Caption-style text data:
***
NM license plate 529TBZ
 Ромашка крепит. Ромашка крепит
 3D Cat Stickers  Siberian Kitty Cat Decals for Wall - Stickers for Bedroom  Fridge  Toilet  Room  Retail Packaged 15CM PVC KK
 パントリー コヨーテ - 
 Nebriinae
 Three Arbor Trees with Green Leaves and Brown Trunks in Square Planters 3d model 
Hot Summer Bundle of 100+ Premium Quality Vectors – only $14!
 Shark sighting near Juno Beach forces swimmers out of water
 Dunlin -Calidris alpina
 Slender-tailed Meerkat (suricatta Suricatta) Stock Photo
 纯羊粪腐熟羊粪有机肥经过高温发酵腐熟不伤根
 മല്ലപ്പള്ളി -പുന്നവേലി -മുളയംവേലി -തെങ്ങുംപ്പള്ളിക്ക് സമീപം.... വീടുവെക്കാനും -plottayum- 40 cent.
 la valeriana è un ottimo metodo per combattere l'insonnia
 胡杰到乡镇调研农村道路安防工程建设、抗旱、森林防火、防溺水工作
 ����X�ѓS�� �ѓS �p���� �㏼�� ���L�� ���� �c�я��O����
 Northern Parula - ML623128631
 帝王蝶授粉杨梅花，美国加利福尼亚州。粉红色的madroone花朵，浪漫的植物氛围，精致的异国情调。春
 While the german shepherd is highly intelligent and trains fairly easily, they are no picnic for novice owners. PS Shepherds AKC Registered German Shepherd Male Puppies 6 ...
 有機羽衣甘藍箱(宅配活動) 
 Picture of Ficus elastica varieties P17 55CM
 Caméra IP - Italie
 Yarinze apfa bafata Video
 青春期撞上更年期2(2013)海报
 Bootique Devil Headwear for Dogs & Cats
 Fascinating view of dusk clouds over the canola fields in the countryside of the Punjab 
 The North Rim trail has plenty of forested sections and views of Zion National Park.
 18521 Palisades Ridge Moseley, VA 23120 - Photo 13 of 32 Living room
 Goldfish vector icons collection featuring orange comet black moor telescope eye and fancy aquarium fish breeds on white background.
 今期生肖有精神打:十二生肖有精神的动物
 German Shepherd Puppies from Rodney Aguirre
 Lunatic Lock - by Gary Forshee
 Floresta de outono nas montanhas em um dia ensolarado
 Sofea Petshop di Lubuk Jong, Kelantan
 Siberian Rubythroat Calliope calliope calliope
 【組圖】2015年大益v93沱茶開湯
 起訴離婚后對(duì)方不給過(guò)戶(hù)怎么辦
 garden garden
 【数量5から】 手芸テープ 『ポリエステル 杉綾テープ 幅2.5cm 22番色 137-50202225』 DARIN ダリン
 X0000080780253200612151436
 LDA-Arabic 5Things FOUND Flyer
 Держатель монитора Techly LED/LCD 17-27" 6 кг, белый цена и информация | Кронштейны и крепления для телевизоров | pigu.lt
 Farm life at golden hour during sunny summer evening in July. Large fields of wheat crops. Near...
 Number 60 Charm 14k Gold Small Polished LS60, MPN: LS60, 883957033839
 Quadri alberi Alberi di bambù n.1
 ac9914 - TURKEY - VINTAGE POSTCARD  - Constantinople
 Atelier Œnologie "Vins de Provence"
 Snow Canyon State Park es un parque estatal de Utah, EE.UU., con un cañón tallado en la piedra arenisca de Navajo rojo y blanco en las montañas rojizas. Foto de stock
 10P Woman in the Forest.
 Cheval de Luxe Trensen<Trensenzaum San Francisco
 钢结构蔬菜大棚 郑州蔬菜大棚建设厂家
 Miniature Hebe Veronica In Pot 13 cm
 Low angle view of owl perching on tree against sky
***
Please transcribe the data above without changes, from its first line to its "Hot Summer Bundle" line, and leave out anything past that.

NM license plate 529TBZ
 Ромашка крепит. Ромашка крепит
 3D Cat Stickers  Siberian Kitty Cat Decals for Wall - Stickers for Bedroom  Fridge  Toilet  Room  Retail Packaged 15CM PVC KK
 パントリー コヨーテ - 
 Nebriinae
 Three Arbor Trees with Green Leaves and Brown Trunks in Square Planters 3d model 
Hot Summer Bundle of 100+ Premium Quality Vectors – only $14!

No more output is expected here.